Director: Francis Lawrence
Summary: Ballerina Dominika Egorova is recruited to 'Sparrow School', a Russian intelligence service where she is forced to use her body as a weapon. But her first mission, targeting a CIA agent, threatens to unravel the security of both nations.
If you're going by the trailers or the marketing for Red Sparrow, you might think this is the long-awaited Black Widow movie finally emerging from the shadows. Or perhaps something along the lines of last summer's Atomic Blonde. Unfortunately, that is not the case. The marketing for this movie is not only deceiving in the pacing and the tone, but also the content.
This movie kicks off with a full-on rape scene followed an attempted rape scene, and multiple scenes of women being forced to strip and pleasure people against their will. The movie feels like it's going for the "but she's in charge" angle, but Dominika (Jennifer Lawrence) is not in charge, because she did not choose to be come a "sparrow". It was either that or die, and that is coercion.
The spy genre is all about getting people to tell their secrets, but Dominika is not trained in anything else but seduction. If she is, we don't see those skills and we don't witness them in the movie. There is not one moment where she fights her way out of a situation; there is not a single action scene in this movie. This is a slow burn spy thriller, but when it tries to be that, it forgets the intrigue. It's boring and poorly paced, which makes the punishing run time of two hours and twenty minutes feel like it goes on forever. These sort of movies can work (see Tinker Tailor Soldier Spy), but this is too busy trying to come up with another way to degrade its female character to focus on anything related to being a spy.
The misleading marketing is ultimately the thing that is going to tank this movie, but the true bullet to the kneecap is just how bored everyone involved looks. Lawrence is very good with the "1000-yard stare", but that's not the look of a woman that is going to make you tell her all of your secrets. That is the look of a victim, and the movie never acknowledges that's what Dominika is. It's too busy taking swipes at the low-hanging fruit of state schools in Russia making their own femme fatales. It's like the source material has no idea that women can be spies and powerful without spreading their legs.

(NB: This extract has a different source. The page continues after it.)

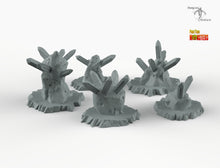 Load image into Gallery viewer, Trap Rocks - Print Your Monsters Fantastic Plants and Rocks Resin Terrain Wargaming D&amp;D DnD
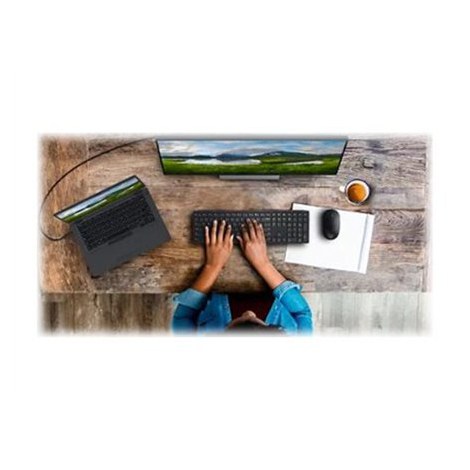 Dell KM5221W Pro | Keyboard and Mouse Set | Wireless | Ukrainian | Black | 2.4 GHz - 8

Red Sparrow is a spy thriller with very little spying and even fewer thrills. The constant sexually violent undertone is uncomfortable to watch, and not in the striking, profound way the movie seems to think it does. This is not a victim becoming as survivor. This is just watching a woman be systematically screwed by everyone around her until the 11th hour. By then, it's way too late for all involved.